Your assignment:
For this exercise, copy exactly every line from the one holding "Beats Solo 4 Jennie Special edition" through the end of the data, both included. Omit pictures.
········
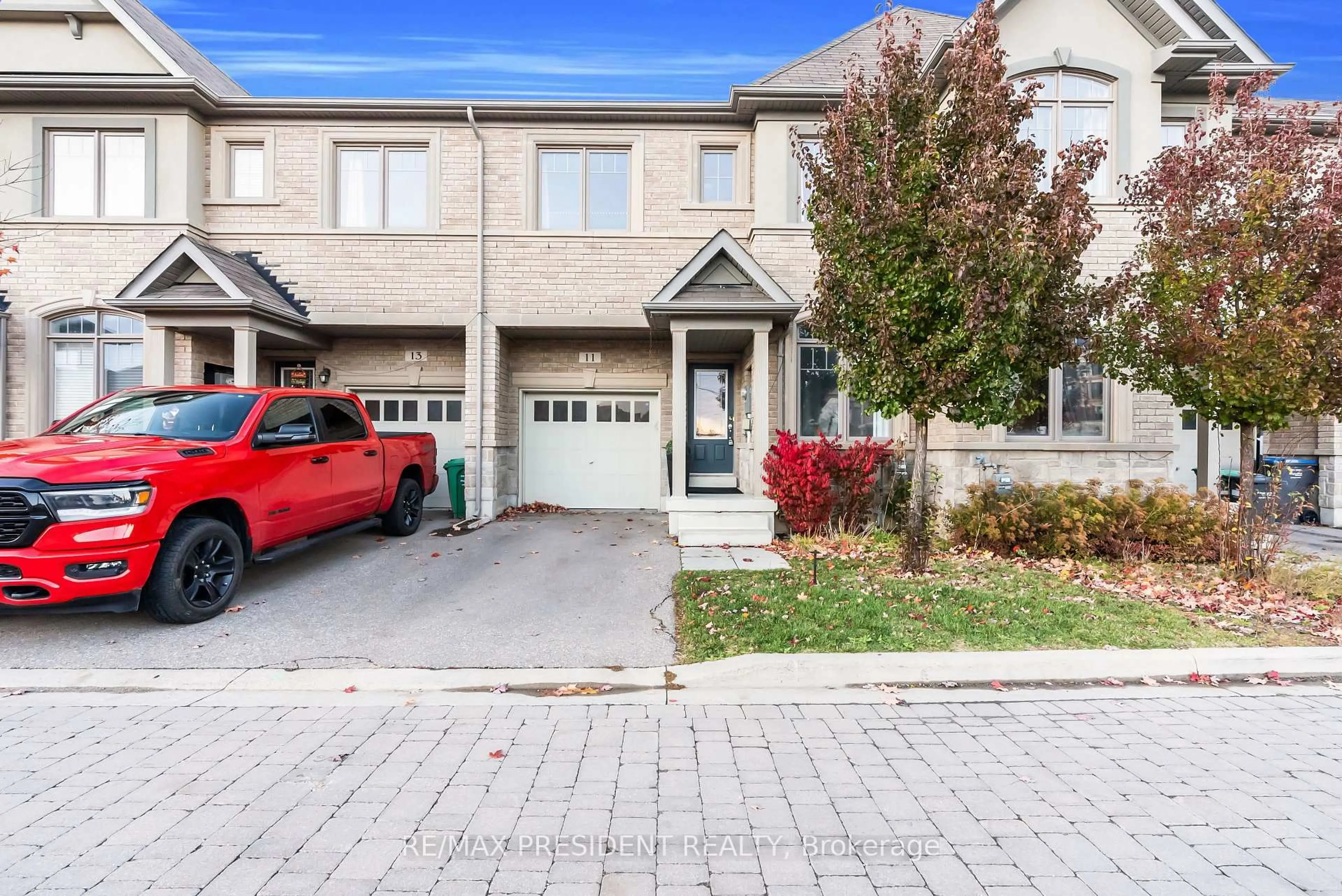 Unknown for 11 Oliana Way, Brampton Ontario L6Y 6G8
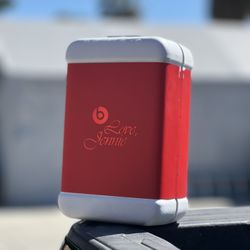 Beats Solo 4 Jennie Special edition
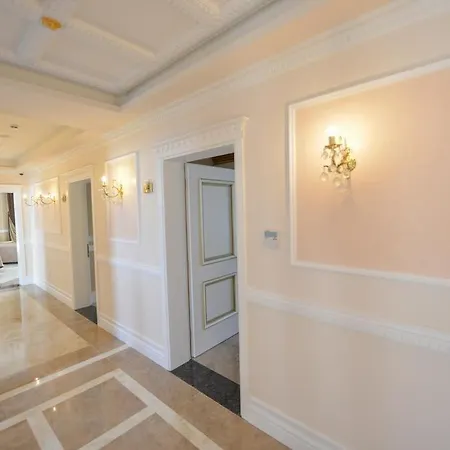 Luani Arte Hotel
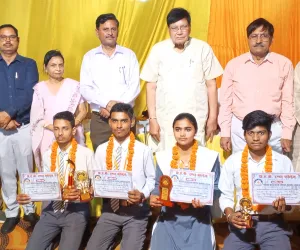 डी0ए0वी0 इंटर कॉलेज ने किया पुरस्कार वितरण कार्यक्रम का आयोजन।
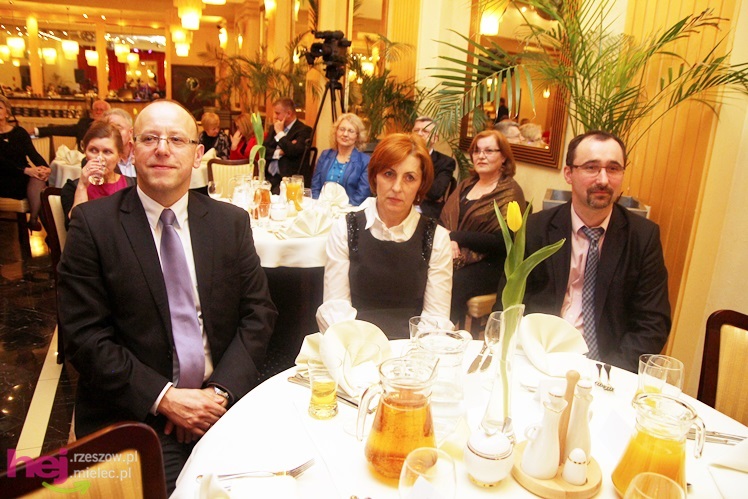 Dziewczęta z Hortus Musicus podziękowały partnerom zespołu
········
Output below:
 Beats Solo 4 Jennie Special edition
 Luani Arte Hotel
 डी0ए0वी0 इंटर कॉलेज ने किया पुरस्कार वितरण कार्यक्रम का आयोजन।
 Dziewczęta z Hortus Musicus podziękowały partnerom zespołu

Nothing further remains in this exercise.